Possibly one male and one female. Our fish book doesn't show a non-striped bannerfish and we saw two or three of these pairs at just one snorkeling site at Kabui Bay.

An Underwater Vista

with a cloud of reef fish...probably fusiliers.

A Lone Archer Fish

tries to cruise by Leslie's camera. Archer fish are a highlight of the kabui pass. These fish cruise the shallows under the trees looking for insects in the air above the water. They capture their prey by shooting a stream of water up into the air...thus "archer" fish. They're grouchy looking characters

A School of Archer Fish

We've seen films of how these fish spit a stream of water above the surface in order to knock down insests to the water surface but didn't see the spectacle ourselves.

Sunlight Filters Down

to the bottom illuminating the bright coral. The Kabui Pass is at the boundary of two highly fecund ecosystems - the tropical jungle and the coral reef.

An Anemone Fish

peeks out from its protective home in the anemone.

Pink

Gorgonian coral waves in the current and sits on a stone covered in glittering marine life.

The Purple and White

coral had especially vibrant colors.

A Riot of Colors.

The Kabui Pass was the best snorkeling we've ever had.

Leather Soft Coral

litters a sea bottom shimmering in the overhead light filtering through the forest.

A Pearly Monocle Bream

(Sclopsis margaritifer) sits in the ultra clear shallows of the pass where waters run swiftly.

The Tunicate

and the fan make a beautiful scene.

Sponges

were particularly beautiful in the pass. This one was about five feet tall.

Yet Another

brilliant underwater scene.

A Huge Plum Colored

barrel sponge was as big as a waste basket.

A Coral Wall

lit up with color and teaming with life.

We Could

tell if this soft coral bush was harboring a creature. Maybe. But if not, still magnficent.

We Liked the Way

the brillian beam of sunlight lit up this gorgonian coral.

These

strange creatures are supposed to be able to spread their legs and walk. I believe this happens at night.

Another View

of a large barrel sponge tucked in the shadow of the undercut limestone cliff above.

Soft coral

like cotton candy illuminated through the trees.

This Coral

was draped on the sea bed.

A Barrel Sponge

with soft coral in the background.

Sunlight

plays across the sea bed.

We've Decided

that we like soft coral better than hard.

The Soft Coral

in the foreground out-shines everything around it.

This Scene

was calming.

The Abyss

of a barrel sponge harboring guests.

Afternoon

showers often chased us home; particularly if we could hear thunder rumbling nearby.

Our Outboard

engine seemed to be working better until one day it just died.
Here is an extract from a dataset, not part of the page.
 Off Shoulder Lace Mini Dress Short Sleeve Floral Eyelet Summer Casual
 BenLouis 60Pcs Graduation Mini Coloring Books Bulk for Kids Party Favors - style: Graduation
Problem seemed to be with an aging fuel hose. Philip got his exercise this day.

Eight Days

after arriving Kabui, we finally reluctantly picked up anchor and departed. As we went by the fishing village nearby, the morning sun was just starting to warm up their homes.

Back at Friwen

we settled into an idyllic spot, hovering in deep water just yards off the public beach where we had many vistors.

Including Those

those of the avian variety. We watched this magnificent guy fish one morning.

Other

visitors were the munchkins who were mostly shy and played on the beach, swimming, climbing trees and justs being good kids. Though, once they discovered we had an ample supply of candy aboard they would come to visit us at the boat.

These

kids were great fun to watch. When it rained buckets, they were smart enough to get in the sea where the water was much warmer than that falling from the sky.

And Rain

it did. We more than filled our water tanks, got all of our laundry done and our jerry cans filled.

An Easy

quiet overnight motorsail brought us to Sorong, a bustling city on the world's second largest island of Papua where we would find government offices necessary for checking out of Indonesia. It also allowed us to fix our ailing engine starter motor.

In Sorong

we had a long list of things to accomplish; the most important of which was to get our starter motor repaired or replaced. Philip is ready.

Key to

our successful visit to Sorong was Victor Saputra whose people fixed our starter and supplied us with fuel, fuel filters. Without Victor's cheerful competent help, navigating Sorong might have been impossible. We were very lucky to meet and get to know this ambitious (and nice) young entrepreneur.

Low Freeboard

was a distinctive feature of fishing boats tied to the fisherman's wharf in Sorong. Sometimes the deck was actually awash as they motored by.

We Also

caught up with the only other rally boat still around in Indonesia - Mystic Rhythms - with Richard and Claudie aboard.

Our Quest

to show the IMAX film to those who participated in its creation was culminated when we met Mykee Hadala. Mykee was instrumental in developing the sound track, including recruiting those locals with magnificent singing voices. We enjoyed watching the movie over lunch and hearing a running commentary of events and people.

Our Last

evening in Sorong brought with it a classic sunset. Victor said that as long as he lived in Sorong, he still appreciated the fantastic sunsets here.

Sorong

wasn't easily left. At 0530 am we tried to pull our anchor up and found a colosal mess attached, including about 30' of 1" nylon three strand line and a full sized anchor...plus other disgusting things. This man helped to untangle us and went away with all the loot.

Momfafa

sits at the far eastern end of Waigeo in Raja Ampat. There are no permanent settlements and we settled in here watching waves smash into its reef and wide beach and the occasional turtle. Here we prepared for our crossing to Palau while waiting on weather - that is on any wind at all.